§ **Work task**
Find each line in the following listing that has the string "Casa", then state the count and nothing else.

§ **Data**
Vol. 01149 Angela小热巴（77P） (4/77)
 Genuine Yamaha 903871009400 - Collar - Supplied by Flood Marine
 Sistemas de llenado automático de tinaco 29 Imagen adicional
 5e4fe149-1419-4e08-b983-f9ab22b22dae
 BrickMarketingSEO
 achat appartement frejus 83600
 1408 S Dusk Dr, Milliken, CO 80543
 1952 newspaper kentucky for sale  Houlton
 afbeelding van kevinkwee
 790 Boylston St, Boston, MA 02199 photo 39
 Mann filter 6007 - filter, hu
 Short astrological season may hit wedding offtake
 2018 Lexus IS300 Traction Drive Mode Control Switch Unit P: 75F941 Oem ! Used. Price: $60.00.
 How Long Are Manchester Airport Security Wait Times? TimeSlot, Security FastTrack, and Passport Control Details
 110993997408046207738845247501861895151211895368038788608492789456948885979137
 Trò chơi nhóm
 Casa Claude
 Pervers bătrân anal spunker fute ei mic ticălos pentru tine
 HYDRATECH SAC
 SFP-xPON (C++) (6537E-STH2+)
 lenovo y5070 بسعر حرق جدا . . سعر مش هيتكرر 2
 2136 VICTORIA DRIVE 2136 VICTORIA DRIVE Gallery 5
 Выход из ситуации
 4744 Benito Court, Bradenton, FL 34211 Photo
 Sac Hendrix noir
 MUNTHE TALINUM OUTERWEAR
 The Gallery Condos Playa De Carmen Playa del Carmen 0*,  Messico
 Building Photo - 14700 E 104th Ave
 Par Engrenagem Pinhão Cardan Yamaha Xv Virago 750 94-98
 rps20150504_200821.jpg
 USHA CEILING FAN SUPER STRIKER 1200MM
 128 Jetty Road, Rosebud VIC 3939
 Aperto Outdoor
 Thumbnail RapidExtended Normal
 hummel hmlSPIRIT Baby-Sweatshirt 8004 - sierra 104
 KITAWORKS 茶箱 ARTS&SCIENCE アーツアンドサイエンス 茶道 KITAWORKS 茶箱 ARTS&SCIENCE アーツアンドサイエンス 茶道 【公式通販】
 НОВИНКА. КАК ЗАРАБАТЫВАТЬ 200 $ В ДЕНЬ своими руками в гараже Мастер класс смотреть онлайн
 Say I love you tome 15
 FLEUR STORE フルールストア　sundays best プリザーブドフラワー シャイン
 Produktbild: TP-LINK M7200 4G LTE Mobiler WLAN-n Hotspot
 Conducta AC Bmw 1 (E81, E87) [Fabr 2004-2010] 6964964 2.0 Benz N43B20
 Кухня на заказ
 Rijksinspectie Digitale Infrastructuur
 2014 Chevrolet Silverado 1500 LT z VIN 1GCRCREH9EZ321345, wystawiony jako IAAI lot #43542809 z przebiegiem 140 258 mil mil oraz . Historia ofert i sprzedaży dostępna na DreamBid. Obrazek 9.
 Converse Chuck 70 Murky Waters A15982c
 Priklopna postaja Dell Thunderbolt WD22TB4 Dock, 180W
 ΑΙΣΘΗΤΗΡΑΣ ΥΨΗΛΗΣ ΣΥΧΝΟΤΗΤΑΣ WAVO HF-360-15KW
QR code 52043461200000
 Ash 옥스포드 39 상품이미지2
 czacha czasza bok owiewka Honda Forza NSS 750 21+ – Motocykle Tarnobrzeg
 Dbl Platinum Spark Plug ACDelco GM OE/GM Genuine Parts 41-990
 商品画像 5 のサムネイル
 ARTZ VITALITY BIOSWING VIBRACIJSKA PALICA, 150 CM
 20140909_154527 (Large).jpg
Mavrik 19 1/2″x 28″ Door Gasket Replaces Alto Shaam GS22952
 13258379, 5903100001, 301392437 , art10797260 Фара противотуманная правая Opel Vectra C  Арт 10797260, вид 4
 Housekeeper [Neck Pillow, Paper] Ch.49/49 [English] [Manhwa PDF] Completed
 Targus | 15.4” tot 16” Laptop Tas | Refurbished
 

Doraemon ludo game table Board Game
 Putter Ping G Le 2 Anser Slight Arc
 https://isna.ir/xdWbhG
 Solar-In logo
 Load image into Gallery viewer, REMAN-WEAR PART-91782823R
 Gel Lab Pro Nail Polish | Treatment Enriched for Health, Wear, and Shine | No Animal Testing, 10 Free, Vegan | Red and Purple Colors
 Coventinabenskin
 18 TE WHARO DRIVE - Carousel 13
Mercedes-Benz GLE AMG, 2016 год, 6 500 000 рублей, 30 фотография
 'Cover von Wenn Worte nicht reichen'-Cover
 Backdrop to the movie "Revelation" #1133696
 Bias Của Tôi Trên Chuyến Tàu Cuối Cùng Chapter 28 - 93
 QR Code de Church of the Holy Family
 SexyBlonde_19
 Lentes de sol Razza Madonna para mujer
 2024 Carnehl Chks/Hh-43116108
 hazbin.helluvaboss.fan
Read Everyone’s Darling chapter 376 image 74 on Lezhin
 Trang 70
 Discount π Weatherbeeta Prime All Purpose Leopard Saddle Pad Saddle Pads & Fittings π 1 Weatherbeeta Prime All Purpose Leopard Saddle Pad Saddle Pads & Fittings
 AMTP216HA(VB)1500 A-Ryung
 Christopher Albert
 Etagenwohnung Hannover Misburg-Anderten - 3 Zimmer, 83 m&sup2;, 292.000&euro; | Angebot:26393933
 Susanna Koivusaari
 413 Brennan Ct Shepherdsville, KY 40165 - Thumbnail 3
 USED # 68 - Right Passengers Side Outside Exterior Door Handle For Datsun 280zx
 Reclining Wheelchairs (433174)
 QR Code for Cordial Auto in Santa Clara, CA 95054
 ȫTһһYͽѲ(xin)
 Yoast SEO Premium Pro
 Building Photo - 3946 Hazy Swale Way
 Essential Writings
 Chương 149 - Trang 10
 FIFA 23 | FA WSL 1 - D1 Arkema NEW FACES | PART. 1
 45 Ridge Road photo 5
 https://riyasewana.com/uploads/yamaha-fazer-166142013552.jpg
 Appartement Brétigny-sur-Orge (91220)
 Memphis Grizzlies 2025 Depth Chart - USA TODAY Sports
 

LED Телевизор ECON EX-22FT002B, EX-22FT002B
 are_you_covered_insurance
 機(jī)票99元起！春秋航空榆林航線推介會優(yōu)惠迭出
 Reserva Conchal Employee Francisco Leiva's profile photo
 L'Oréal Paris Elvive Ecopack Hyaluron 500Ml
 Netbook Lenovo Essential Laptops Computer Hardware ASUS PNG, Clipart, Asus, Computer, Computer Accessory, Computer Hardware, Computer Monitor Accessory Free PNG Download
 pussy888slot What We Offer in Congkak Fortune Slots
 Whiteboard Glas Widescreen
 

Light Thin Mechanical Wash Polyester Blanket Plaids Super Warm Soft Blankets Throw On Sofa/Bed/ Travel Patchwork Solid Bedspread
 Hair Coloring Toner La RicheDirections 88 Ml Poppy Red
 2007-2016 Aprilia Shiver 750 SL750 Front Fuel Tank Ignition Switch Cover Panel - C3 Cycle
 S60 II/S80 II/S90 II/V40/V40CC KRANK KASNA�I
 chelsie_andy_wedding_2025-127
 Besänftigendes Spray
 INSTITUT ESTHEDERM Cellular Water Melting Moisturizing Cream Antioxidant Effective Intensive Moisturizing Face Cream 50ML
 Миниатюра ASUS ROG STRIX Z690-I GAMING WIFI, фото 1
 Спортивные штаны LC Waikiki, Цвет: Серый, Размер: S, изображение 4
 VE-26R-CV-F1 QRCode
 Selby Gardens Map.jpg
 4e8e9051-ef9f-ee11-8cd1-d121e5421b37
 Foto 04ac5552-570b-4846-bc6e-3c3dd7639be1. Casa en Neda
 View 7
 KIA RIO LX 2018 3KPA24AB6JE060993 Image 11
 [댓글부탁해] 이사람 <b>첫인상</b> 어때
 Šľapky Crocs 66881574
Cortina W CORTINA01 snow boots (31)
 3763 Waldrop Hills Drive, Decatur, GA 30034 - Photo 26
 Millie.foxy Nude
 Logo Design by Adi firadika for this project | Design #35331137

§ **Solution to this problem**
2